For SMEs as well, this is an era where misconduct by outsourcing partners or compliance violations by business partners can threaten the company’s survival. Concerns are particularly growing regarding environmental regulations (e.g., supplier emissions) and human rights due diligence (e.g., subcontractor labor conditions). Risks where “we didn’t know” is no longer an acceptable excuse are increasing.

Concrete Actions for SMEs to Take

Add the submission of a “Governance Status Confirmation Sheet” as a contractual condition for key business partners (especially manufacturing contractors or critical component suppliers).
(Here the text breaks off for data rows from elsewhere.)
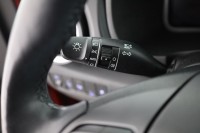 Hyundai Kona 1.0 T-GDI Edition 30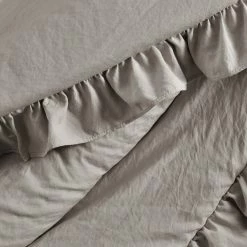 Brand new 😉 Lush Decor Reyna Throw Blanket Wheat ⭐ -Lush Decor Shop Lush Decor Reyna Throw Blanket 8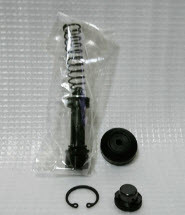 46011-FJ11J 	REPAIR KIT, BRAKE MASTER CYLINDER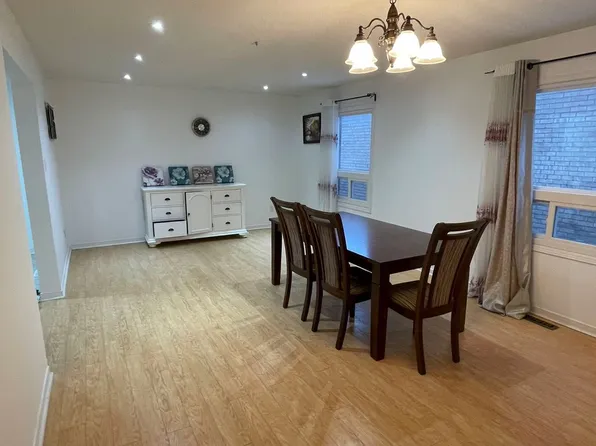 32 Tamara Dr, Richmond Hill, ON L4S 1E4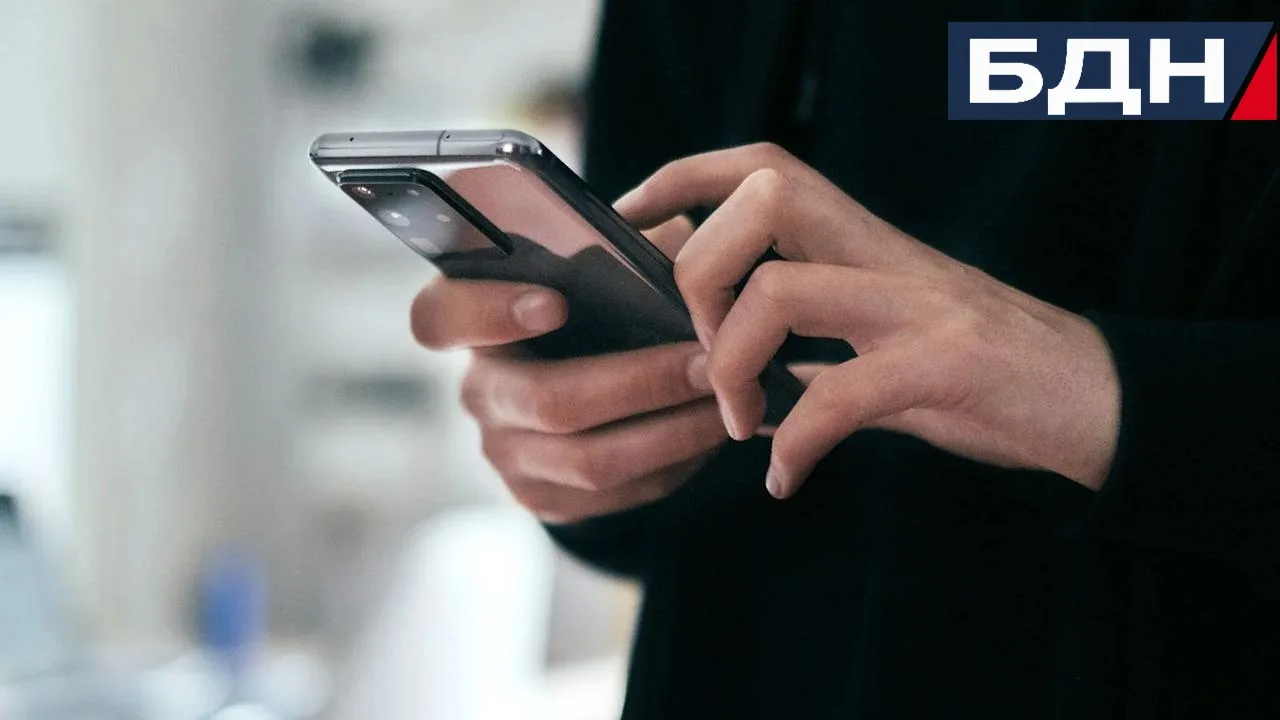 Минцифры хочет ужесточить правила для виртуальных операторов связи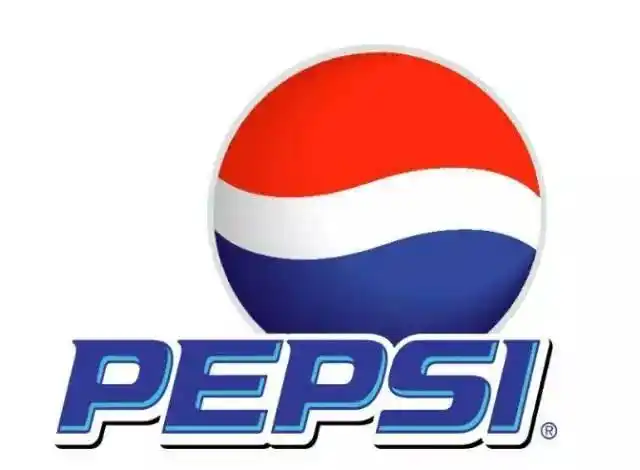 你还不知道商标上的tm和r是什么意思?等到吃亏才了解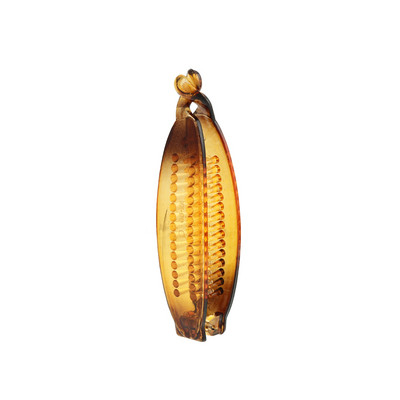 Molans Rhinestone banaanikujulised juukseküüned naistele tüdrukutele juukseklambrid, hobusesabahoidja, juuksenõelad, moodsad juukseaksessuaarid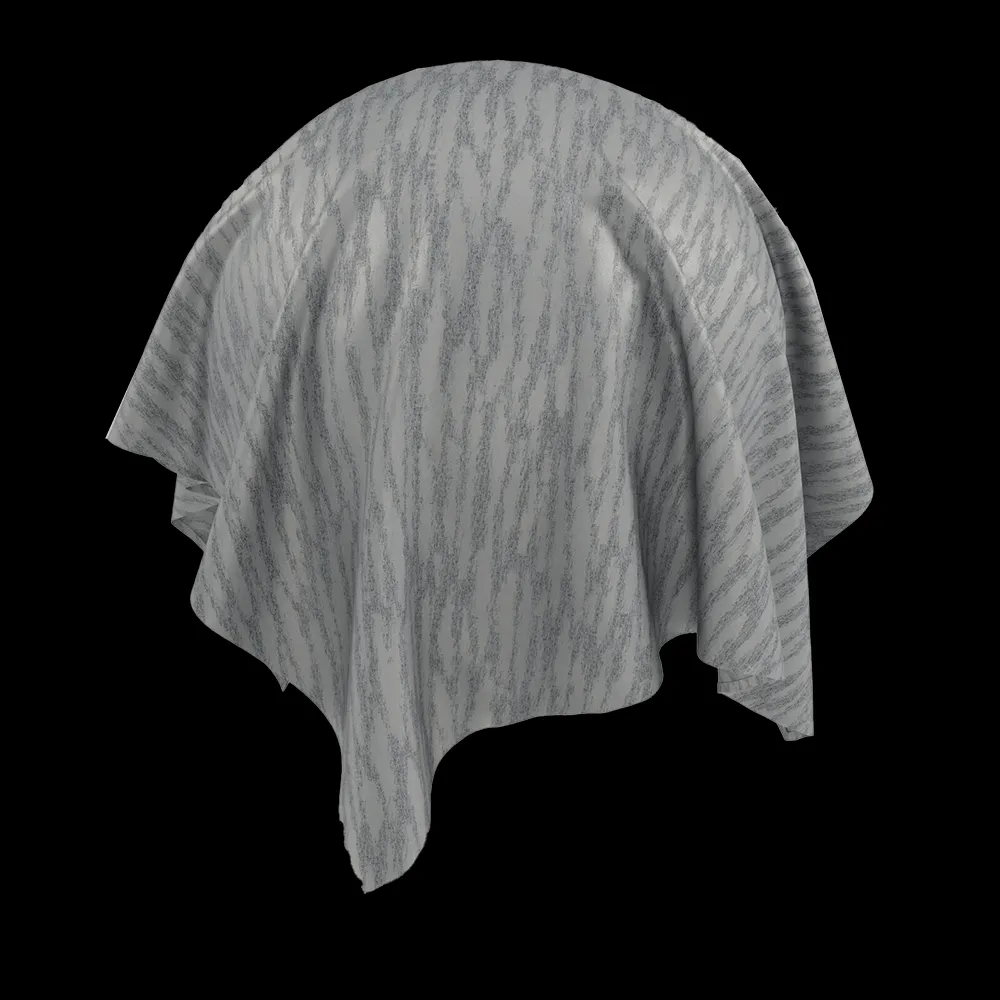 Twinbru – Graphical Grey Dimout 2581808 3ds Max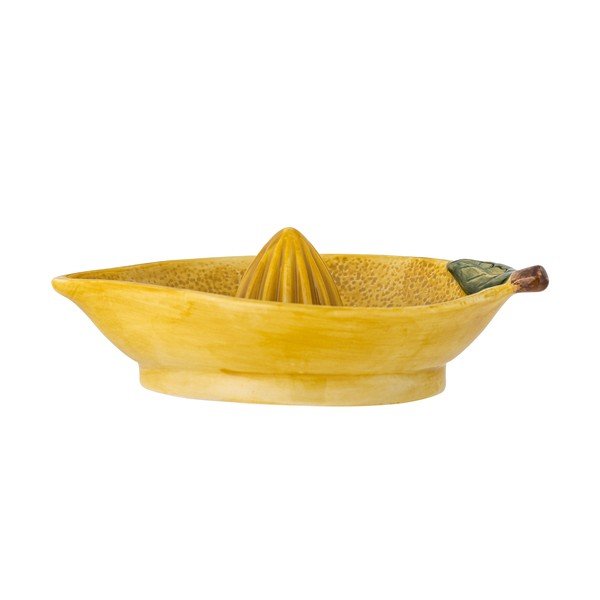 Sokovnik od kamenine Limone – Bloomingville-image-2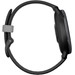 Garmin Vivoactive 5 Black 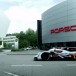 VIDEO: Audi welcomes back Porsche to Le Mans VIDEO: Audi welcomes back Porsche to Le Mans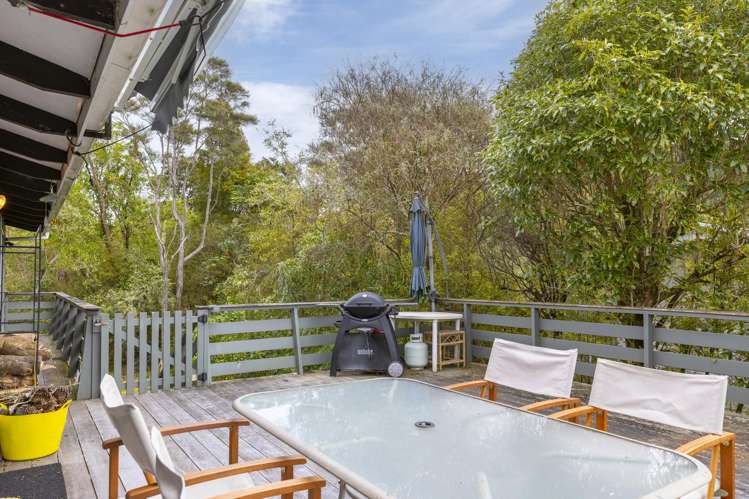 49 Huihui A Wai Street Kuratau_4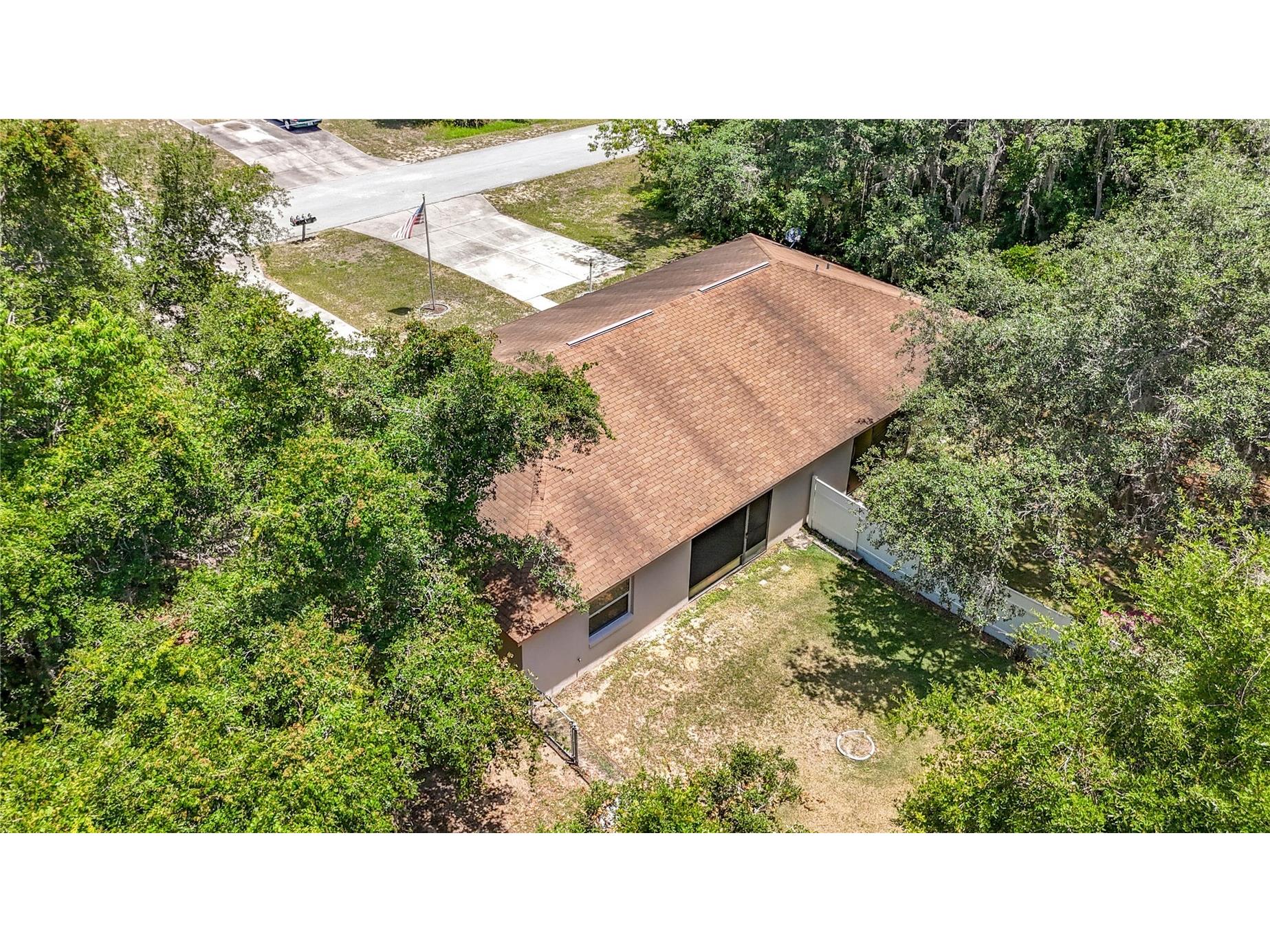 3228 Courtney Drive Lake Wales FL 33898 O6409873 image16
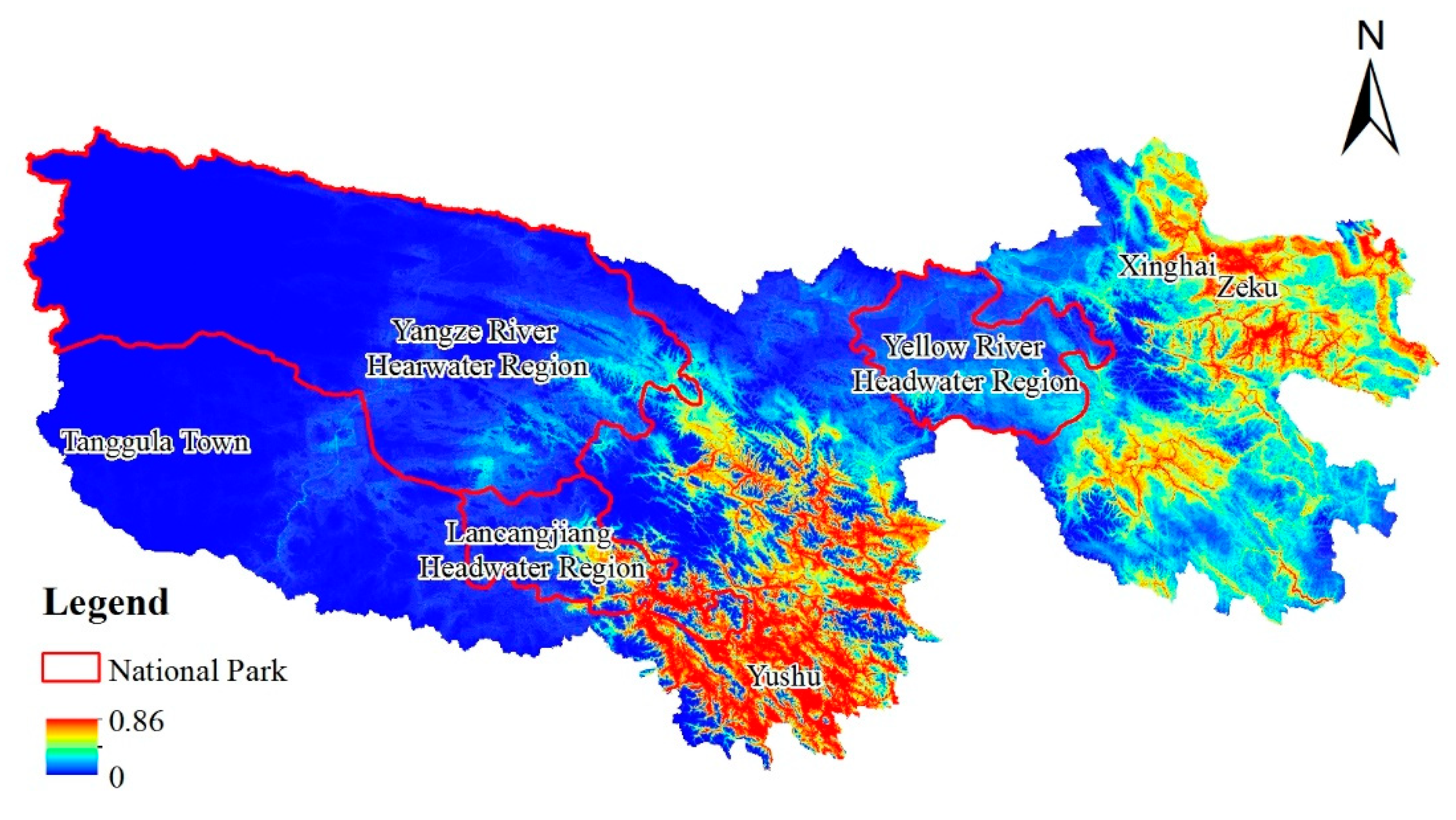 Sustainability 12 04601 g004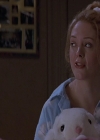 Charmed-Online-dot-NL-Scream1890.jpg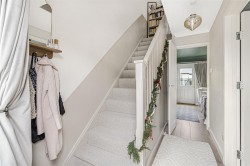 Images for Granby Street, Newmarket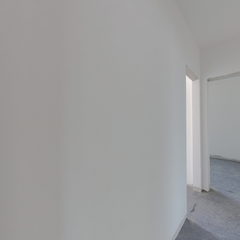 亿林华府4栋02户型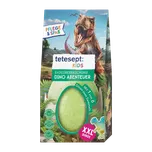 Tetesept Kids koupelová koupe…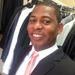 Anderson Rogerio Marinho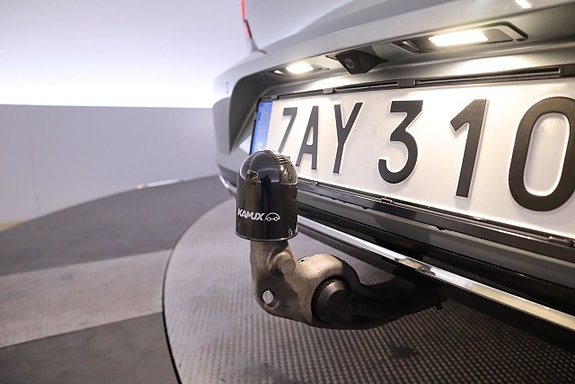 Volvo S90 23 of 23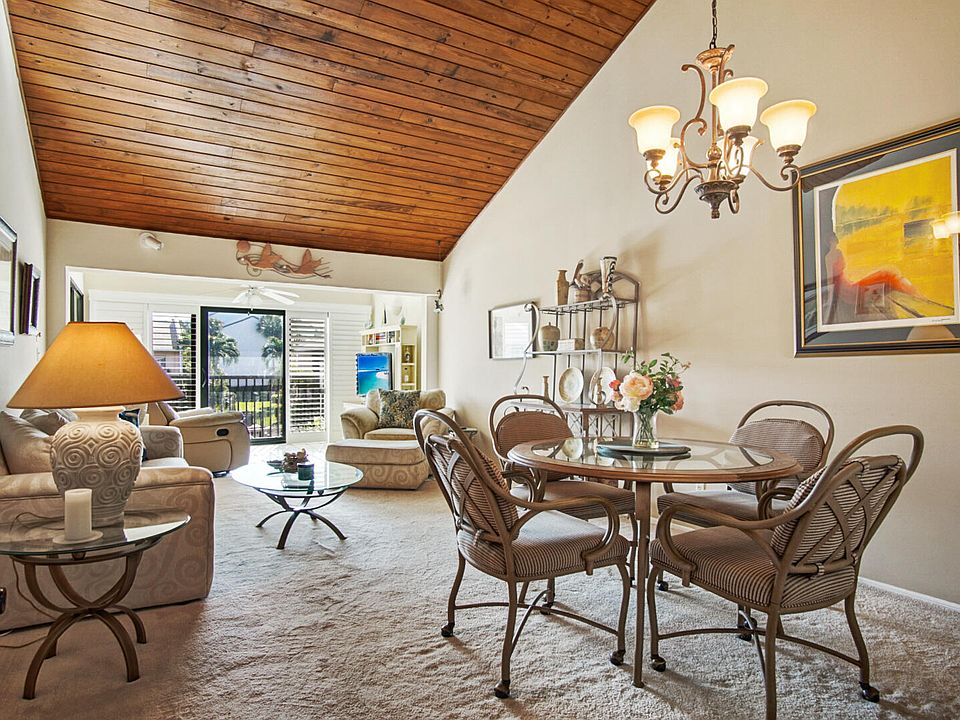 1st image of 2400 S Ocean Drive #3124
The content should focus on items your company values, such as the existence of an internal reporting system, implementation of compliance training, and environmental management policies. If submission is lacking or the content is insufficient, request improvements as a condition for continuing the business relationship.

Furthermore, update a “Supply Chain Risk Map” annually. Plot the locations of key partners on a map and visually categorize them with color-coded assessments for “Quality Risk,” “Delivery Risk,” “Compliance Risk,” “Disaster Risk,” etc. This makes it easier for management to decide where to concentrate investment to mitigate risks.

The “Essence of Governance” Common to All Three Cases

What emerges from these three cases is that the essence of governance lies in “how to resolve information asymmetry.”

  • Misconduct or overreach happening on the front lines (Kanagawa Police, Air Water)
  • Risks lurking at the far ends of the supply chain (Icom)

How to channel these “hard-to-see pieces of information” into management’s decision-making. Designing the “mechanisms” and “culture” for this is the core of modern governance. Governance is not a device for monitoring and controlling from above, but rather the work of creating circuits through which healthy “warnings” and “wisdom” flow from every corner of the organization to the center of management.

Three Steps to Start “Listening Governance” Today

Finally, here are concrete steps you can start taking, perhaps even from tomorrow morning’s meeting.

Step 1: Habitualize the question, “What’s the biggest challenge you’re facing right now?”
Managers and supervisors should regularly (even once a week) ask this question to subordinates and frontline staff. It can be about work issues or interpersonal matters. The key is to follow up their answer with, “So, what do you think we should do about it?” prompting them to think of the next step. This elevates problem “reporting” into “solution proposing.”

Step 2: Conduct “non-punitive” failure reporting sessions.
Hold a monthly meeting to share small mistakes or “near-misses.” There is one rule: “No blame or punishment.” Only discuss lessons learned and recurrence prevention measures. As psychological safety increases, you’ll be able to catch small warning signs before they become major problems.

Step 3: Create opportunities to hear directly from business partners.
Management should personally visit key customers or suppliers several times a year to solicit candid feedback about your company’s products or service. Raw voices not filtered through the sales department are a treasure trove for discovering unrecognized strengths or critical weaknesses.

Conclusion: Governance is Designing “Communication Circuits”

The Kanagawa Police misconduct, Air Water’s accounting issues, Icom’s counterfeit product risk. All of these stem from the fact that the communication circuits connecting “frontline reality” and “management judgment” were short-circuited or never existed in the first place.

SMEs don’t need thick manuals or complex committees like large corporations. Rather, designing a few simple yet powerful “listening circuits” and embedding them as part of your culture constitutes the strongest governance. It serves as both a shield to prevent misconduct and an engine to maximize the organization’s latent potential. Why not start your company’s governance reform with the simple question, “What’s the biggest challenge you’re facing right now?”